Münir Sarıtaş’ın babası Şükrü Sarıtaş ise, “Olay 1995’ ten önce olmuştur. Köylülerin hepsini nehrin kenarına götürmüşler ve genç yaşlı demeden hepsini dayağa çekmişler. 80 yaşındaki adamı komalık yapmışlar, diğerlerini bırakmışlar onu bırakmamışlar, kaburgasına tekme atmışlar ağzından kan gelmiş orada vefat etmiş. Diğeri ise 3 gün köpek kulübesinde kalmış. Söylenenlere göre bir akşam atış poligonuna götürmüşler orada çocukları öldürmüşler. Biz mahkemeye gittik en sonunda AİHM karar verdi ve dosya kapandı” diye konuştu.

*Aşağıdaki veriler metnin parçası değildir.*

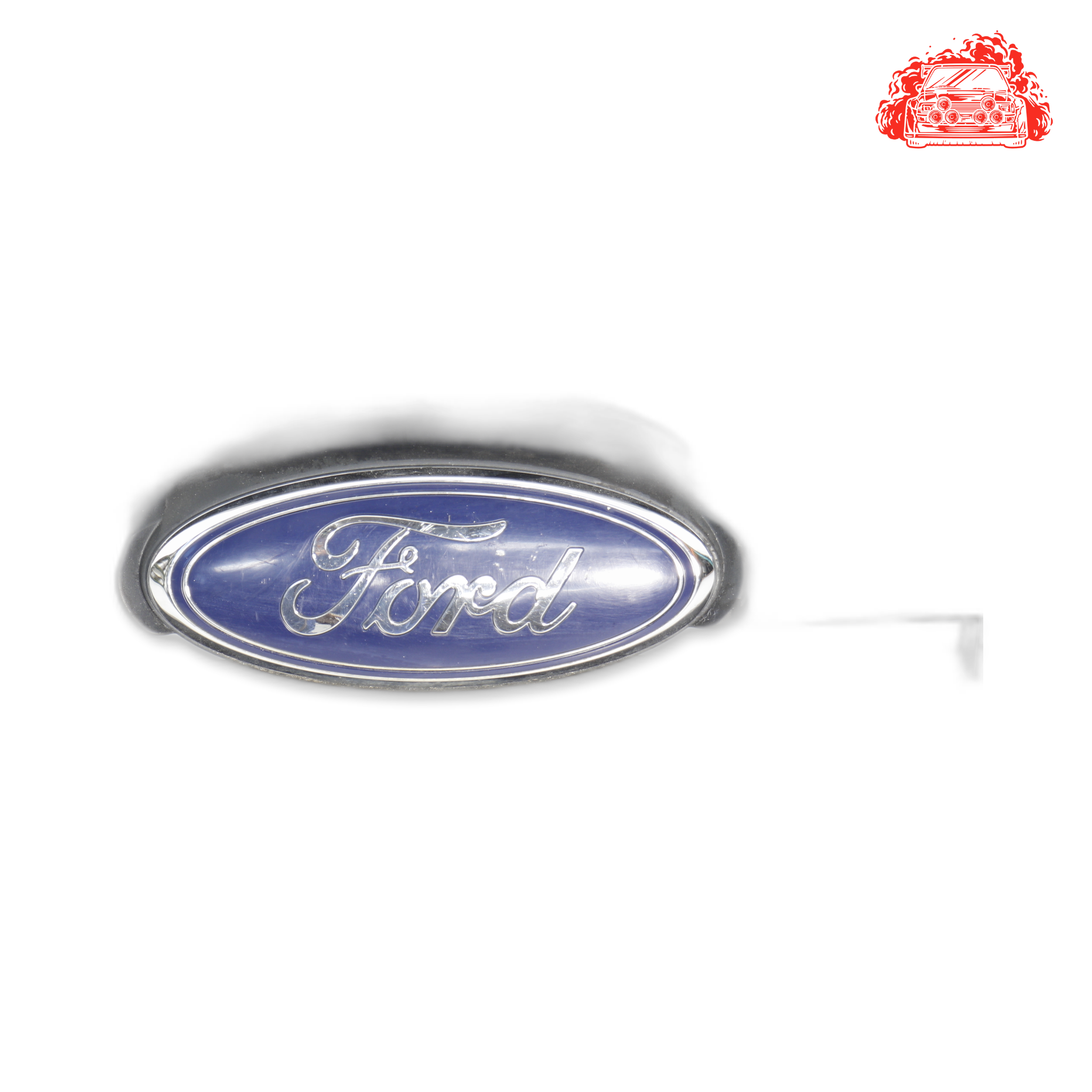 Ford Ranger 2.5i P/U S/C Front Emblem Badge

“FAİLLER CEZASIZLIKLA ÖDÜLLENDİRİLİR”

Aileler bütün ilgili yerlere başvuru yapar ama yakınları hakkında bir bilgiye ulaşamadığını belirten kayıp ailelerin avukatı Jiyan Tosun da şunları ifade etti:

“27 Ekim 1995’ te Mehmet Emin Yurdakul ve beraberindeki askerler Yüksekova’nın ağaçlı köyüne operasyon düzenledi. Operasyon sırasında köylülerden rastgele seçilen Şemsettin Yurtseven, Münir Sarıtaş ve Mikdat Özeken gözaltına alındı. Aileler birkaç gün sonra komutanlığa başvurarak yakınları hakkında bilgi almak ister. Verilen cevap ise yakınlarının gözaltında olmadığı şeklinde olur. Birkaç yıl sonra 26 Nisan 1996 yılında aileler AİHM’e başvuruda bulunur. Türkiye hükümetinin AİHM’e verdiği ilk cevap o tarihte ağaçlı köyüne operasyon düzenlenmediği ve üç köylünün gözaltına alınmadığı şeklinde olur. 2003 yılında ise Türkiye hükümeti mahkemenin ihlali kabul ettiğini kaybedilen üç köylünün ailesine tazminat ödemeye hazır olduğunu bildirdi. AİHM’ deki dava tazminatla sonuçlandı. Haziran 1997 tarihinde Hakkari başsavcılığınca bir iddianame düzenlenir ve iddianamede Şemsettin Yurtseven’in binbaşı emin Yurdakul tarafından dövülerek öldürüldüğü olayı gören Mikdat Özeken ve Münir Sarıtaş’ın sırasıyla Kahraman Bilgiç ve Nihat Yiğiter tarafından kurşuna dizilerek öldürüldüğü şeklindedir. Hakkâri ağır ceza mahkemesinde görülen dosya 1999 tarihinde sanıklar hakkında delil yetersizliği nedeniyle beraat kararı verilir. Aileler dosyayı temyize götürür fakat Yargıtay’da yerel mahkemenin verdiği kararı onaylar. Yerel mahkeme hüküm kurarken Mehmet Emin Yurdakul’u hakkında yetkilerini aşarak üç köylüyü gözaltına alma nedeniyle suç duyurusunda bulunulmasına karar verir ancak Mehmet Emin Yurdakul hakkında herhangi bir işlem yapılmaz ve dosya kapanır. Türkiye cumhuriyetinin AİHM’e verdiği cevapta üç köylünün gözaltına alınmadığı şeklinde cevap vermiştir ama yerel mahkeme Mehmet Emin Yurdakul’un üç köylüyü yetkilerini aşarak gözaltına aldığını aslında kabul ediyor. Bütün kayıp dosyasında olduğu gibi üç köylünün kaybedilme dosyasında da hiçbir sonuç alınmaz ve failler cezasızlıkla ödüllendirilir.”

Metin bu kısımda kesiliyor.